Der Anteil von Menschen, die antisemitische Einstellungen vertreten, ist unter westeuropäischen Muslimen rund dreimal höher als in der allgemeinen Bevölkerung. Zu diesem Schluss kommt eine aktuelle Studie der amerikanischen jüdischen Organisation Anti-Defamation League (ADL). Der direkte Vergleich war möglich, weil in Belgien, Frankreich, Deutschland, Italien, Spanien und dem Vereinigten Königreich separate muslimische Stichproben erhoben wurden.
Insgesamt befragte die ADL gut 9.000 Personen in 14 europäischen Ländern sowie Kanada, Südafrika, Argentinien und Brasilien. Die Studienteilnehmer mussten bei elf Aussagen angeben, ob sie ihnen zustimmen, etwa „Juden sind einfach weniger ehrlich als andere Geschäftsleute“ oder „Juden drängen sich gerne an die Spitze“. Wenn ein Befragter sechs Aussagen zustimmt, gilt er in der Untersuchungsmethodik der ADL als antisemitisch.

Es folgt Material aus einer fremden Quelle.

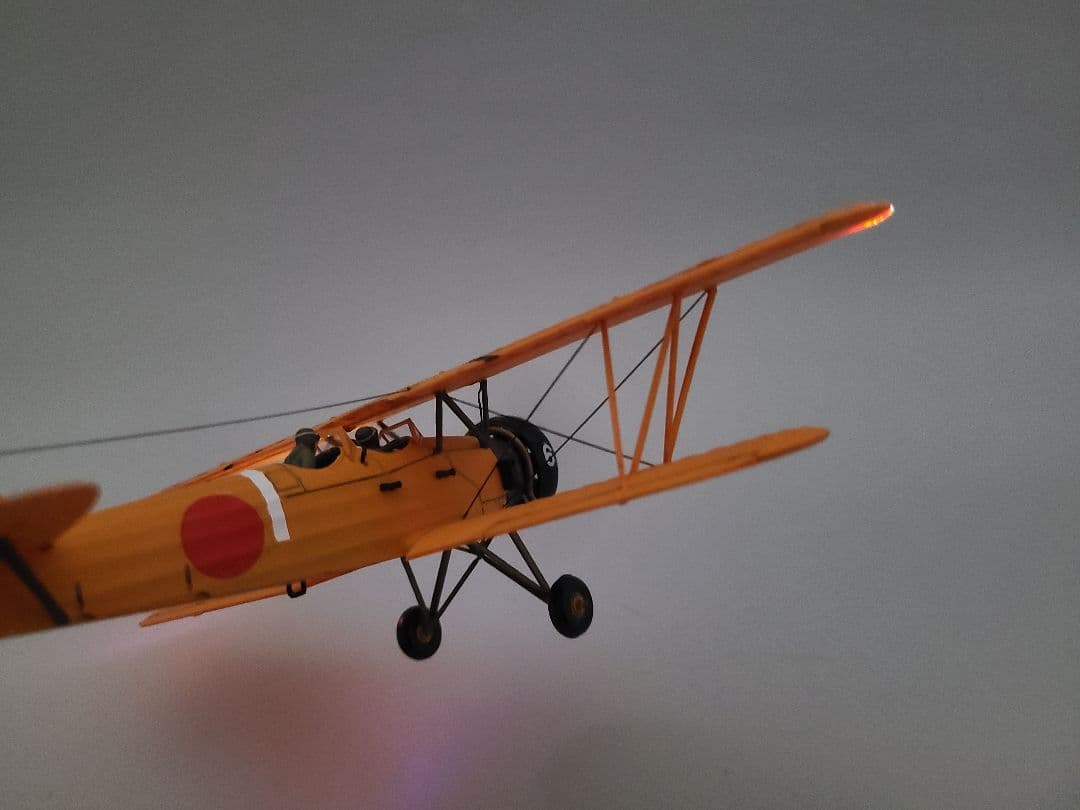 九五式一型乙中間練習機(赤とんぼ) リアルモーターライズ ニチモ1/48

Nach Angaben der ADL ließ sich in Europa rund ein Viertel der Studienteilnehmer als antisemitisch einstufen. In Westeuropa sei der Anteil der Antisemiten im Vergleich zur letzten Studie 2015 konstant geblieben, in Osteuropa sei er angestiegen. In Osteuropa sei vor allem die Vorstellung verbreitet, Juden würden die Geschäfts- und Finanzwelt kontrollieren. Westeuropäer sowie Südafrikaner und Brasilianer seien eher überzeugt, dass Juden gegenüber ihrem Wohnsitzland illoyal sind, da ihnen der Staat Israel wichtiger ist.

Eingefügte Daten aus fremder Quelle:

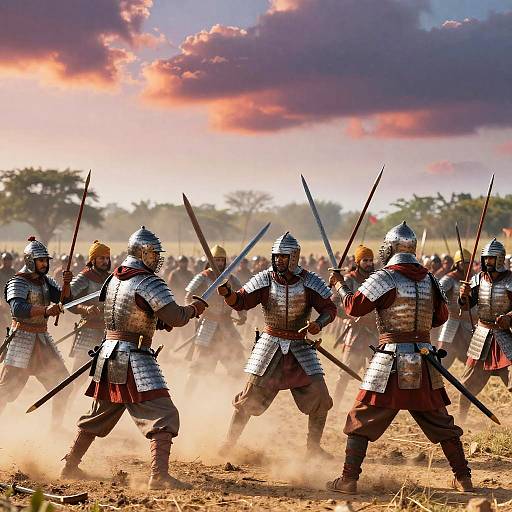 Hyper-Realistic Panipat Battlefield Dawn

Der Anteil der Menschen, die glauben, dass die Juden „zu viel“ über den Holocaust reden, war laut ADL in den deutschsprachigen Ländern Österreich und Deutschland mit 44 bzw. 42 Prozent am höchsten. Auch in Belgien (40 Prozent), Italien (38 Prozent) und Spanien (37 Prozent) hätten verhältnismäßig viele Menschen dieser Aussage zugestimmt. Die Zustimmung zur anti-israelischen Boykottbewegung BDS sei sehr niedrig gewesen, in fast allen europäischen Ländern unter 15 Prozent. Lediglich in Südafrika hätten sich 38 Prozent der Befragten für Boykottaktionen gegen Israel ausgesprochen.